When one party sues another over a business dispute, not only does the defendant deny the allegations, but it’s also common for the defendant to countersue, meaning they bring their own allegations against the individual or entity suing them. After Turner “Tfue” Tenney, a professional esports player, sued FaZe Clan, a professional esports organization, FaZe Clan turned around and sued Tenny for allegedly breaching his contract with them and denying them a portion of the income he earned from streaming.
The legal dispute started in May of 2019 when Tenney sued FaZe for allegedly operating as an unlicensed agency, blocking Tenney from various business opportunities, and taking up to 80% of the income Tenney earned.
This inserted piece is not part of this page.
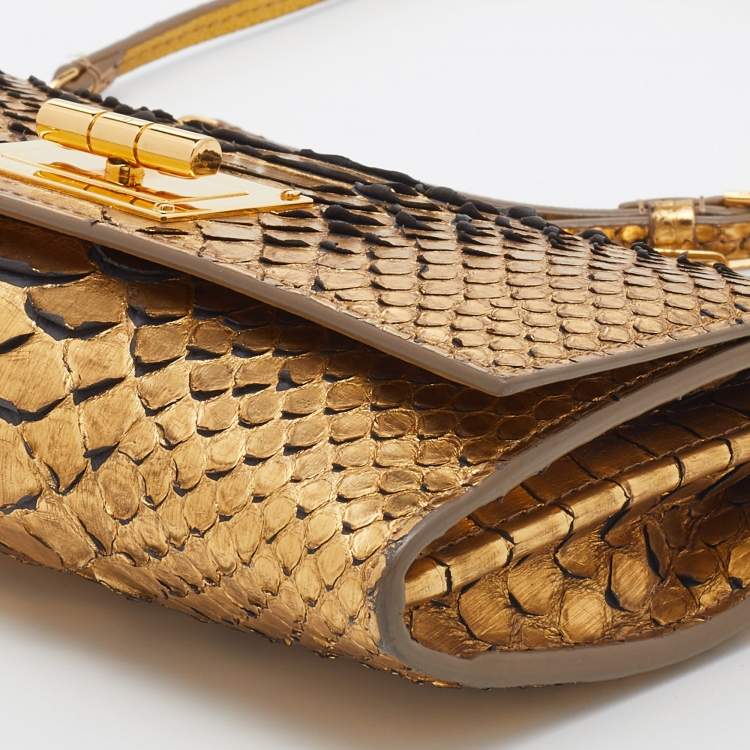 Pre Owned Tom Ford Gold Python Natalia Wallet On Chain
Tenney claimed that, by allegedly operating as an unlicensed agency, FaZe had violated the California Talent Agency Act (TTA), which prohibits unlicensed agents from managing talent in the state of California. Tenney used this as his basis for asking the court to rule that his contract with FaZe was invalid because it went against California law, but FaZe argued that it hadn’t managed Tenney in the state of California, and so their contract was not subject to California law.
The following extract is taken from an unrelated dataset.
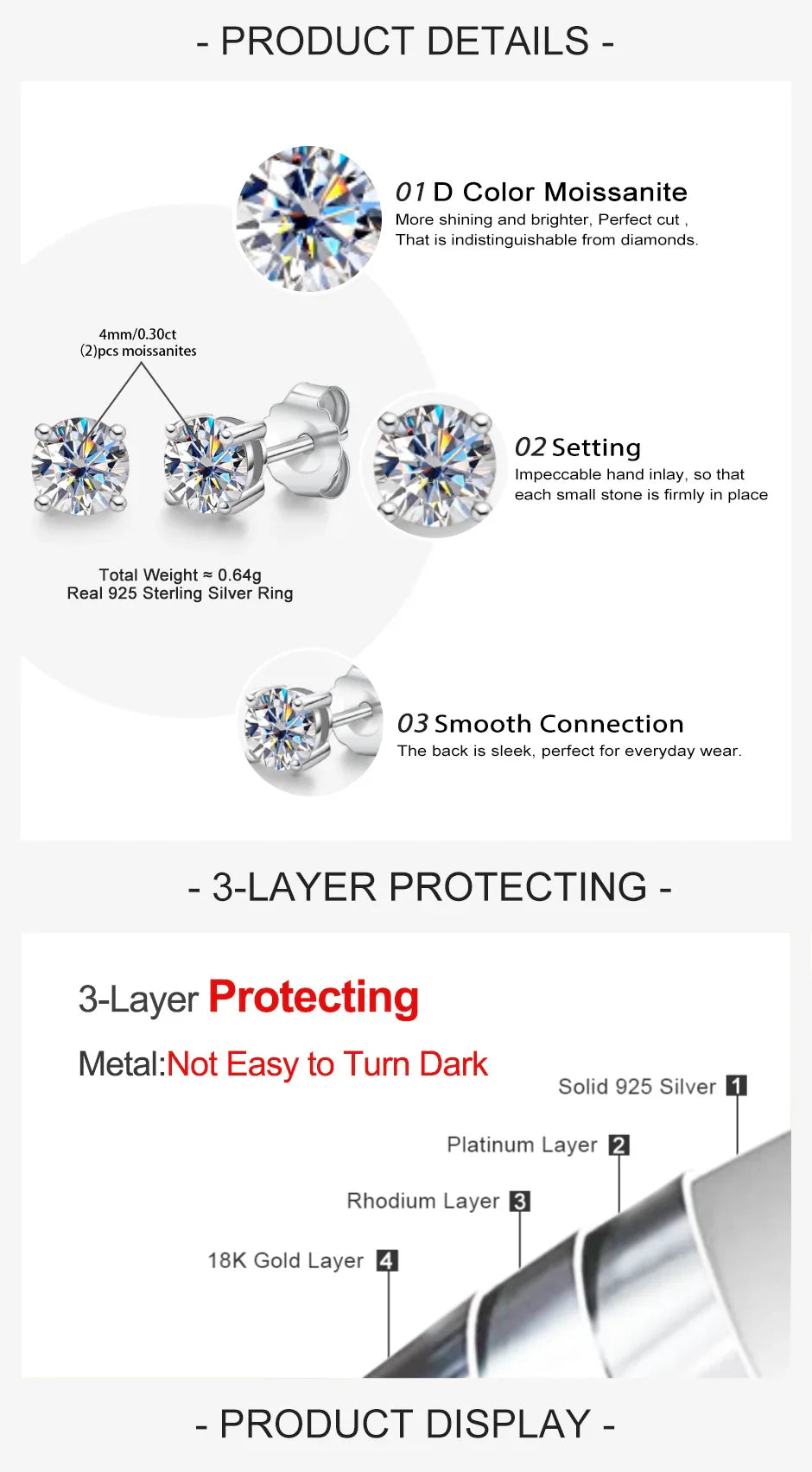 AnuJewel 4mm D Color Moissanite Diamond Classic 925 Sterling Silver Stud Earring For Woman Fine Jewelry Wholesale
Tenney also alleged FaZe had breached the Gamer Agreement between Tenney and the company by failing to pay an agreed-upon fee of $2,000 per month. FaZe did pay the fee eventually, but Tenney alleged the payments were so late as to render the contract invalid.
Tenney lives in New York City, so FaZe argued that, not only was their contract with Tenney valid, but that any legal disputes between Tenney and FaZe belonged in a New York state court, rather than a California state court. The New York court agreed with FaZe on that count, and it rejected Tenney’s allegations that the tardiness of FaZe’s payments of the $2,000 monthly fee invalidated the contract.
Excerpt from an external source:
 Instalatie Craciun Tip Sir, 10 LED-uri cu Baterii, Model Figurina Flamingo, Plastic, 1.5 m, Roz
FaZe also had its own complaints to bring against Tenney when they countersued. While Tenney was trying to sue to get out of his contract with FaZe, the esports company not only argued that the contract was valid and enforceable, but sued Tenney for allegedly breaching that contract. They also alleged Tenney had earned $20 million in streaming revenue and had not given FaZe its share of that income.
When it came to the income Tenney earned from his Fortnite creator code, the New York court rejected FaZe’s allegations that it deserved a share of that revenue. The court’s decision was based on a quote from one of the co-owners of the company, Richard “Banks” Bengston, who said the company never collected revenue from creator code and had no intention of doing so.
The only area in which the New York court agreed with Tenney was his assertion that he might have a claim based on his allegation that FaZe had breached the TAA. The New York court said only a California judge could make a decision based on that allegation, and since FaZe’s headquarters are in Los Angeles and Tenney had worked with some of the company’s California agents, he might have a right to sue FaZe under California law.